One of Diaz and Arrieta’s main objectives with the Aqueduct and Sewer Authority has been creating a 10-year fiscal plan to present to the Financial Oversight and Management Board. As part of PROMESA, they’ve been meeting with stakeholders, restructuring the agency—as well as the debt—and gaining access to capital markets to fund infrastructure.

But those efforts ground to a halt once Hurricane Maria loomed on the radar.

down power lines in Puerto Rican neighborhood

A PROBLEM OF POWER


A few days before Maria made landfall, forecasters predicted a biblical storm would head straight for the island, making a massive power outage all but certain. Arrieta and Diaz recognized that a lack of power would create a dire situation for PRASA.

“PRASA’s system is one of the most complicated aqueduct and sewer systems in the U.S. with more than 4,000 facilities, including 115 water filtration plants and 51 wastewater treatment plants,” Diaz says.

The mountainous topography of Puerto Rico makes pump stations necessary to get water uphill and through the system’s 20,000 miles of pipes.

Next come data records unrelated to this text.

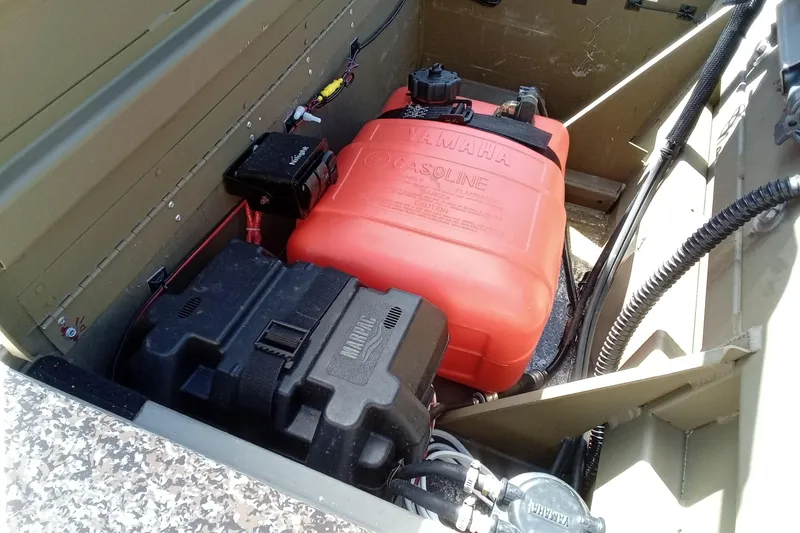 Slide: The Image of 2024 G3 Gator Tough 1652 VBW boat interior with Yamaha gasoline tank and battery. - 17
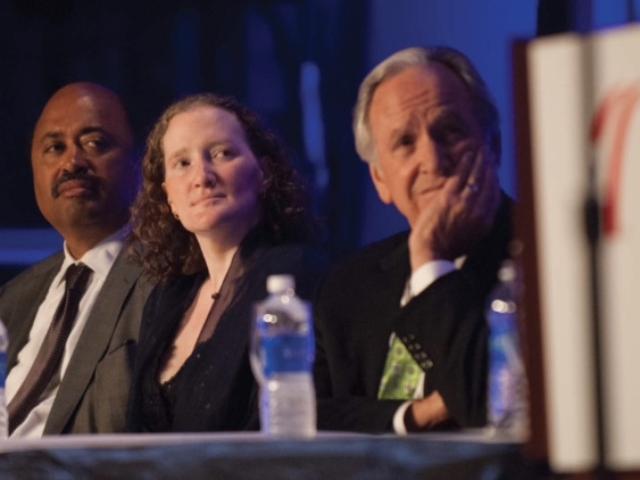 Senator Harkin and Rhonda looking pensive listening to a speech on the podium of the Leadership Conference on Civil and Human Rights Gala, 2014.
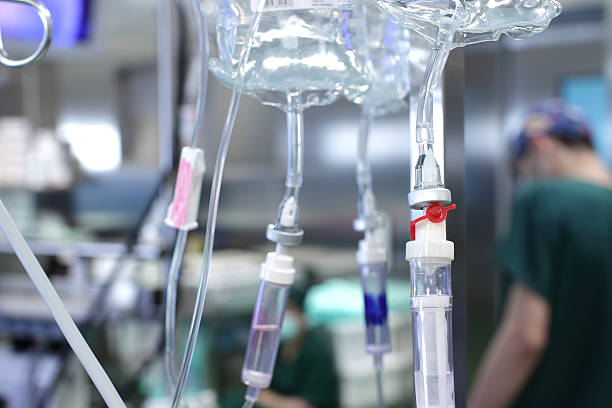 istock drip system and plastic bag with medicine in a hospital. 471106068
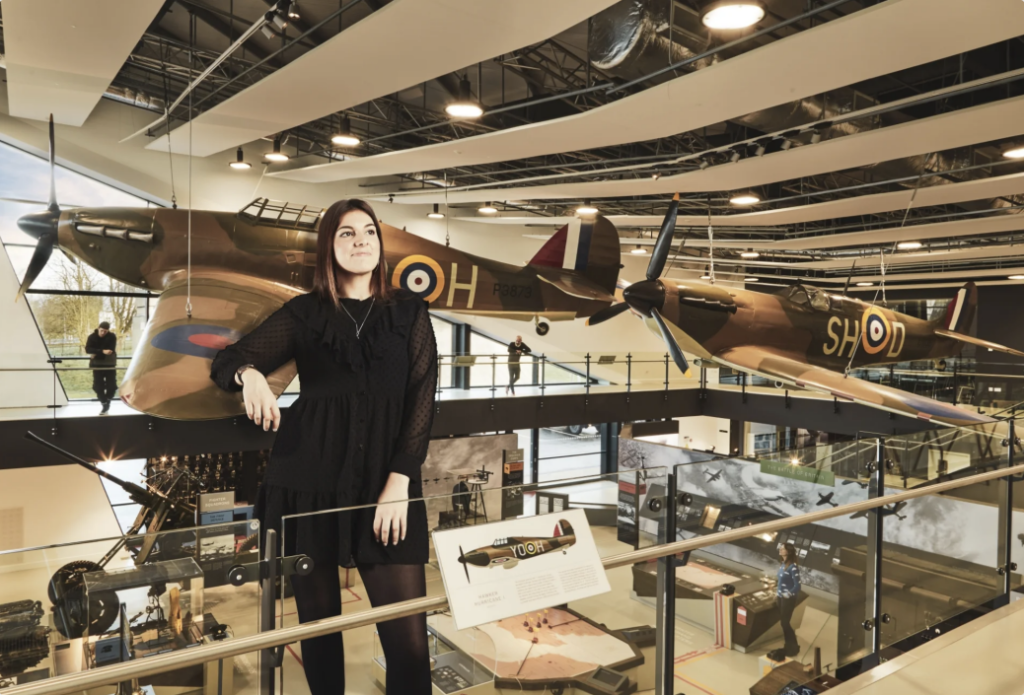 Giant woman stands resting her arm on a Spitfire in the Battle of Britain museum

“A lot of the water system depends on pumps, and so we need to pump water up the tanks and then from the tanks the water is distributed… through our systems. Without power, we can’t pump,” Arrieta says.

At the beginning of the hurricane season, PRASA activated its preventive maintenance teams to get all of its roughly 1,300 generators ready and on standby before storms hit. At the same time, more than 125 water cistern trucks were utilized for post-hurricane water deployment.

“We knew we had to devise regional approaches because of the potential complications,” Diaz says. “Everything—diesel, cistern trucks, chemicals—was mobilized pre-storm and that really helped us in being able to respond as quickly as we did. Regional heads understood the plan and were ready to implement regardless of communication or accessibility issues.”

As the hurricane moved closer, forecasters predicted it would bring especially heavy rains. Five days before Maria arrived, PRASA began emptying reservoirs to make room for the expected rainfall, ultimately lowering the reservoir levels by about 3.5 meters of water.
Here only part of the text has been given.